* **TRY IT**
An exact transcription of each entry below is required, without any pictures.

==== RECORDS TO PROCESS

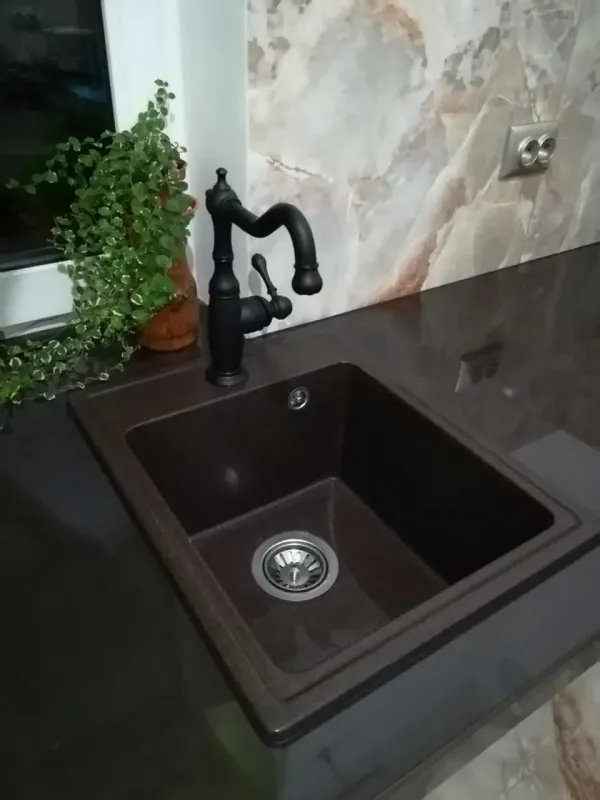 Кухонная мойка Platinum 4050 RUBY гранитная глянцевая с креплением, 40x50 см, Шоколад (000024954)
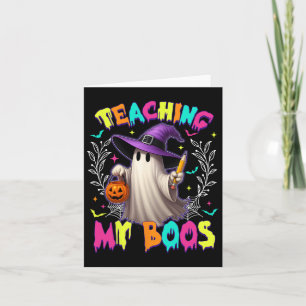 Retro Spooky Teacher Teaching My Boos Halloween Gh Card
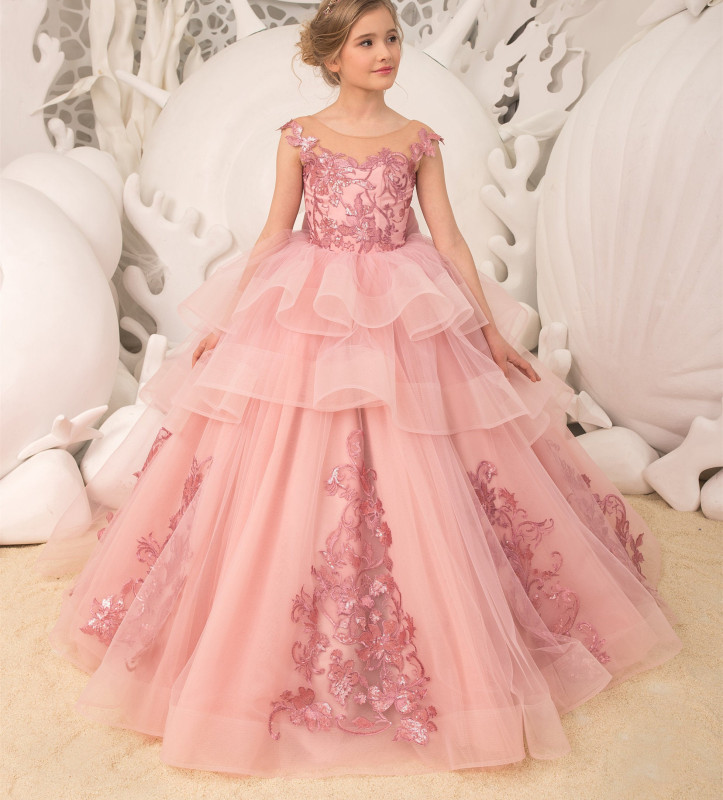 Mauve Lace Tulle Flower Girl Dress Party Dress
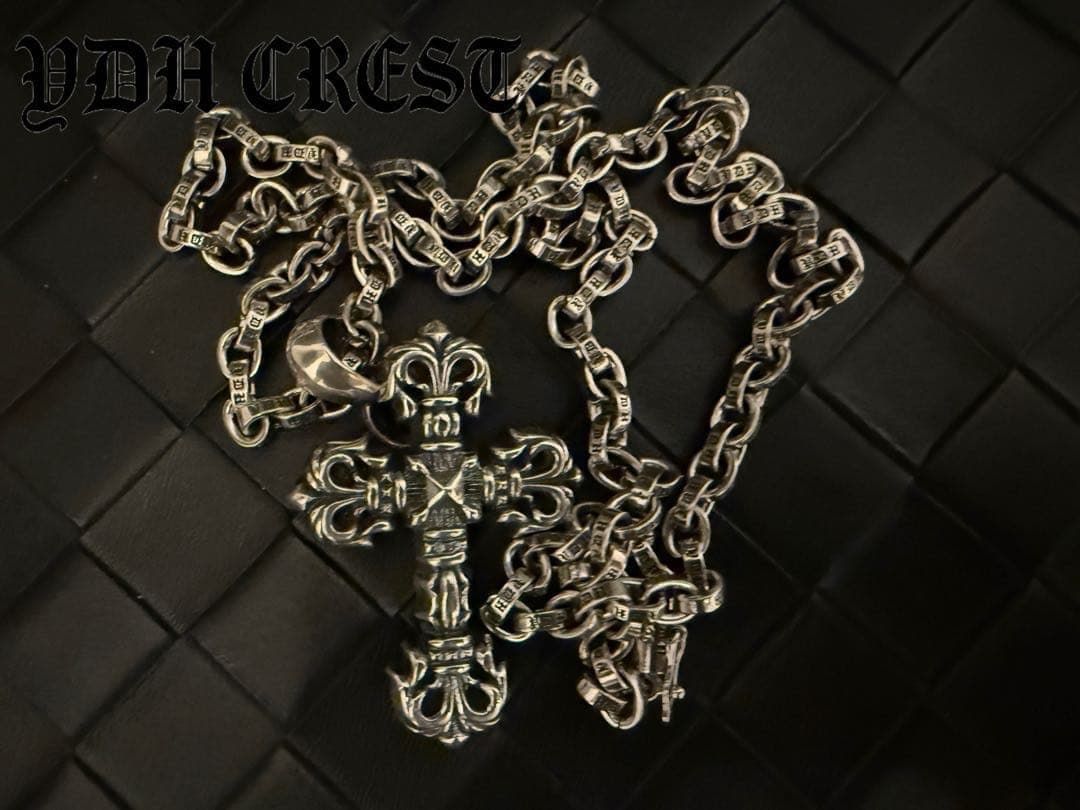 ⭐️AKZUKL シルバーネックレス 重量感有りクロスネックレス 刻印有り 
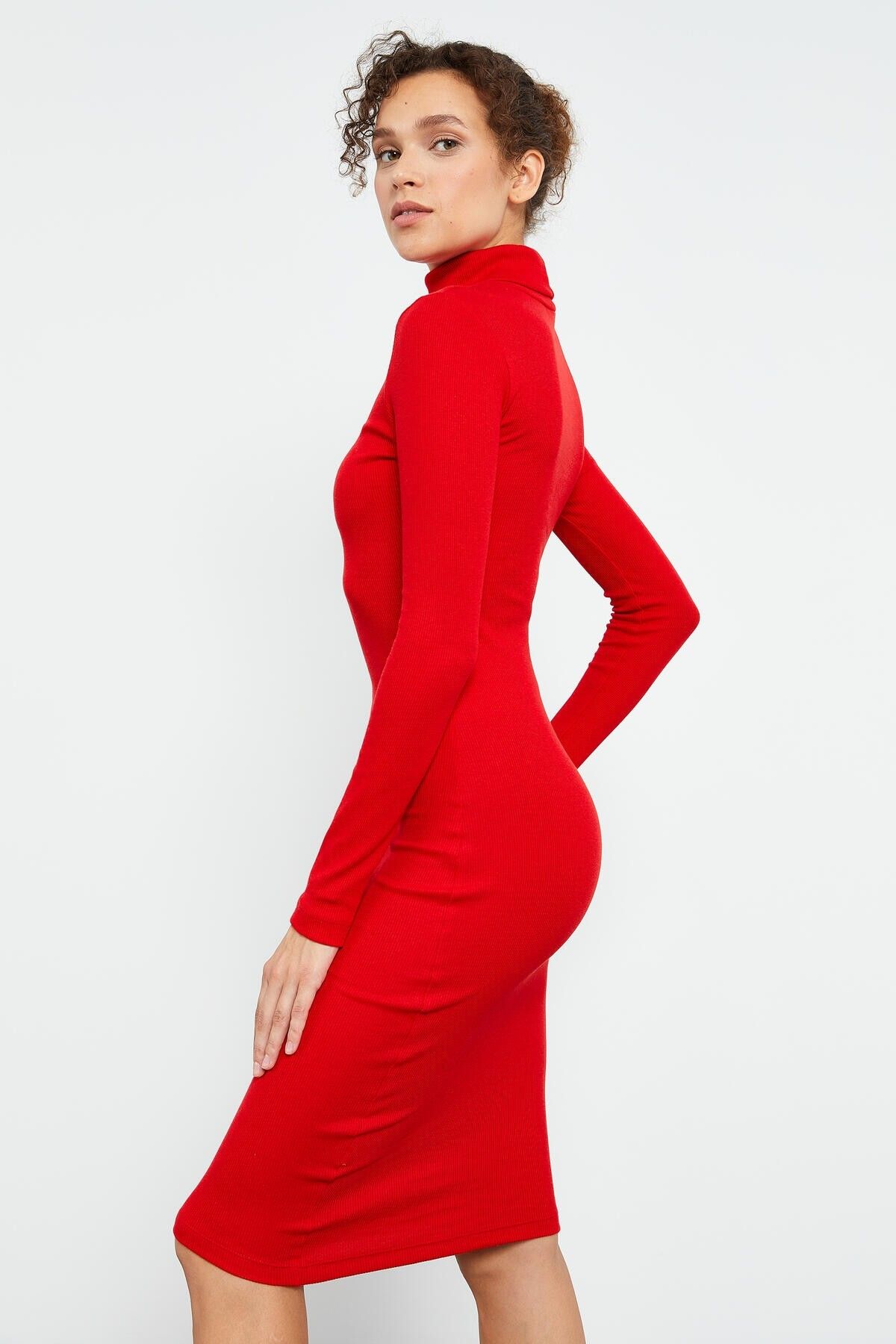 TOMMY LIFE-TurtlenecK Red Knitwear Dress - SKinny Fit - 97117 4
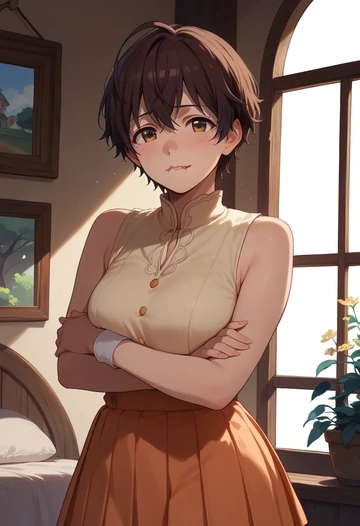 idolmaster,oikawa_shizuku,tennis dress,visor,trainers  - AI generated anime art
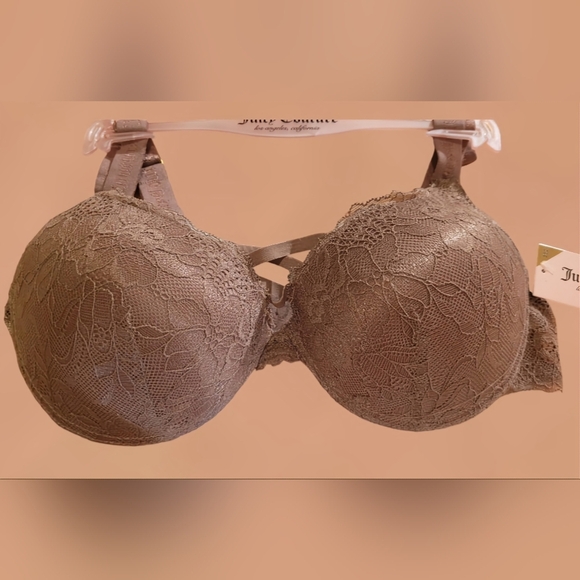 NWT ~ JUICY COUTURE INTIMATES LACEY PUSH-UP BRA SZ. 36C TAN-TALIZE - Picture 2 of 6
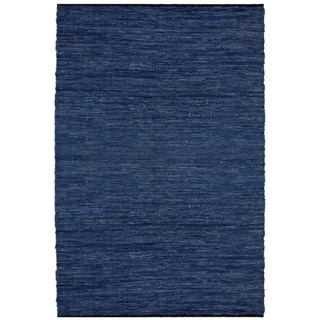 Hand-woven Matador Blue Leather Rug (10' x 14')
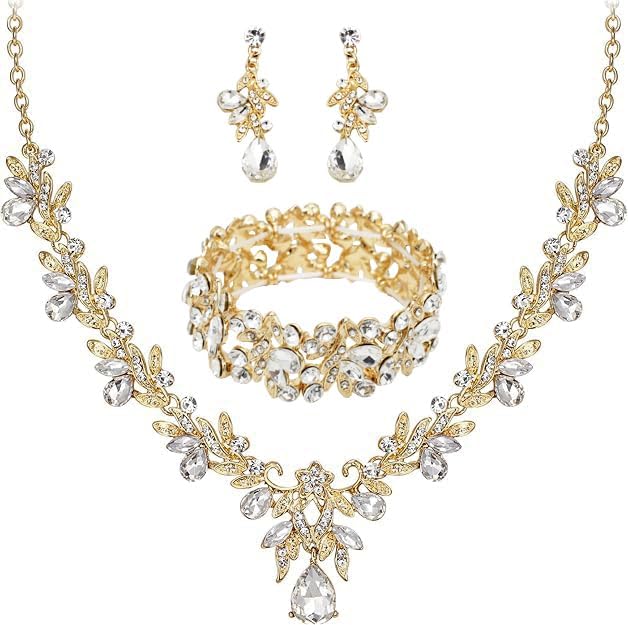 Wedding Leaf Flower Crystal Teardrop Pendant Necklace Dangle Earrings Stretch Bracelet Jewelry Set for Women Bridal Party Prom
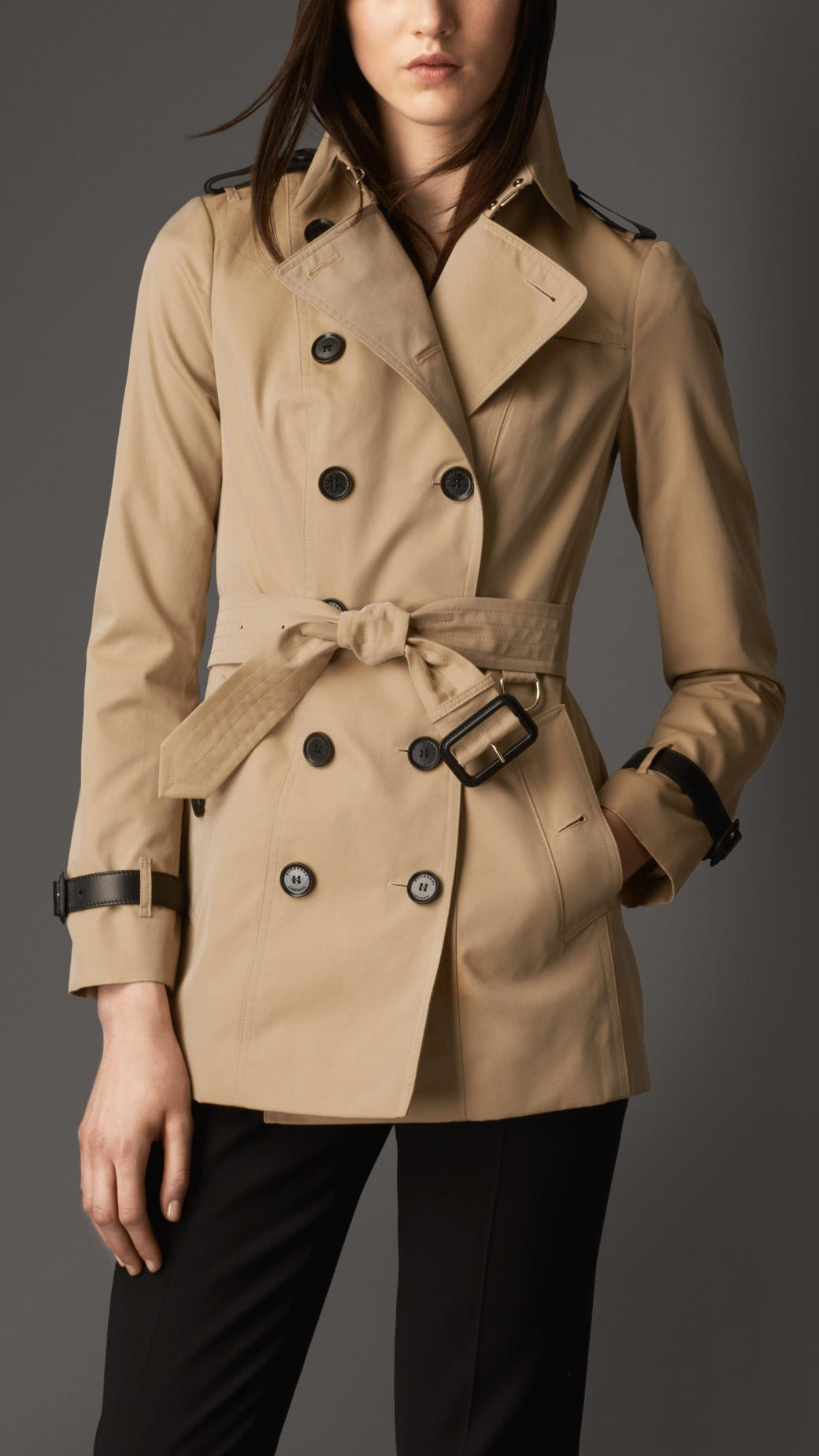 Burberry Short Leather Detail Gabardine Trench Coat in Brown | Lyst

========

* **TASK OUTPUT**
 Кухонная мойка Platinum 4050 RUBY гранитная глянцевая с креплением, 40x50 см, Шоколад (000024954)
 Retro Spooky Teacher Teaching My Boos Halloween Gh Card
 Mauve Lace Tulle Flower Girl Dress Party Dress
 ⭐️AKZUKL シルバーネックレス 重量感有りクロスネックレス 刻印有り 
 TOMMY LIFE-TurtlenecK Red Knitwear Dress - SKinny Fit - 97117 4
 idolmaster,oikawa_shizuku,tennis dress,visor,trainers  - AI generated anime art
 NWT ~ JUICY COUTURE INTIMATES LACEY PUSH-UP BRA SZ. 36C TAN-TALIZE - Picture 2 of 6
 Hand-woven Matador Blue Leather Rug (10' x 14')
 Wedding Leaf Flower Crystal Teardrop Pendant Necklace Dangle Earrings Stretch Bracelet Jewelry Set for Women Bridal Party Prom
 Burberry Short Leather Detail Gabardine Trench Coat in Brown | Lyst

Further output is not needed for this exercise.